Saba Fights Against Amundi-Victory CEF Takeover

Victory Capital is poised to be added as the advisor on three closed-end funds that Saba has ownership stakes in.

By David Isenberg|

January 30, 2025

Saba Capital has urged shareholders in three Amundi Pioneer closed-end funds to reject the proposal to allow Victory Capital portfolio managers to run the funds, proxy filings show.

Last July, Amundi acquired a large ownership position in Victory Capital in exchange for Victory taking ownership of the Paris-based firm’s U.S. division.

The deal is contingent on regulatory approval, client consent and Victory Capital shareholder approval on the issuance of new shares, Amundi said at the time.

When the deal was announced, the firms said they expected it would be complete in late 2024 or early 2025. The firms have not announced that the deal has closed.

Saba, however, wants shareholders to reject the proposal to add Victory as the advisor for the $283 million Pioneer Municipal High Income Fund, $274 million Pioneer Municipal Income Advantage Fund and $247 million Pioneer Municipal High Income Opportunities Fund.

“Saba opposes the reorganization because Saba believes shareholders of the fund should be given the opportunity to exit the fund at net asset value (“NAV”), for example by the fund agreeing to buy back their shares at NAV,” the activist investor wrote in a proxy solicitation letter sent to shareholders on Tuesday. “Saba urges all shareholders who want the option to exit the fund at NAV to express this desire by voting to oppose the reorganization, which currently does not provide shareholders with any such option.”

At least three-quarters of shares must vote to allow Victory to become the fund managers, the solicitation noted.

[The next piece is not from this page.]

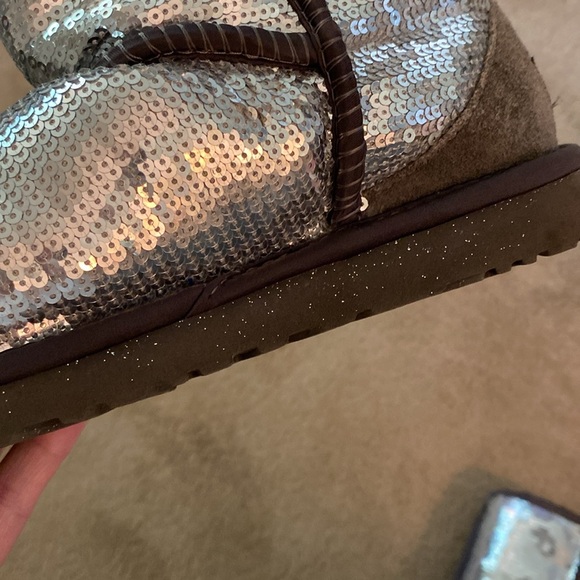 UGG CLASSIC SHORT SILVER SEQUIN BOOTS SIZE 7 - Picture 8 of 15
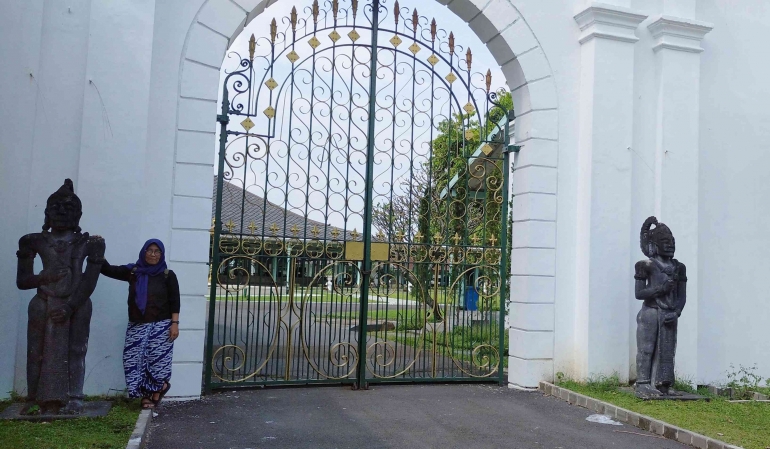 Pintu Gerbang Istana Mangkunegara Solo, foto: Selsa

Abstaining from voting counts as voting against Saba’s proposal, the filing says.

Amundi and Saba spokespeople declined to comment.

Saba owns 17.95% of the Municipal High Income Fund, 15.49% of the Municipal High Income Advantage Fund and 11.75% of the Municipal High Income Opportunities Fund, filings show.

Saba first bought shares in each fund in early 2023.

If the activist investor’s proxy campaign is successful, the closed-end funds could dissolve their investment management agreement for 150 days so Victory could round up enough votes to secure its management, according to a person familiar with the closed-end fund activist process who wished to remain anonymous due to business conflicts.

After 150 days, Victory would begin managing the closed-end funds, the source said. However, they could not begin to charge management fees until the matter was resolved.

A Saba victory is unlikely to undo the overall $104 billion Amundi-Victory deal, the source familiar with the closed-end fund activist process said. “They’re not going to have the tail wag the dog,” the source said.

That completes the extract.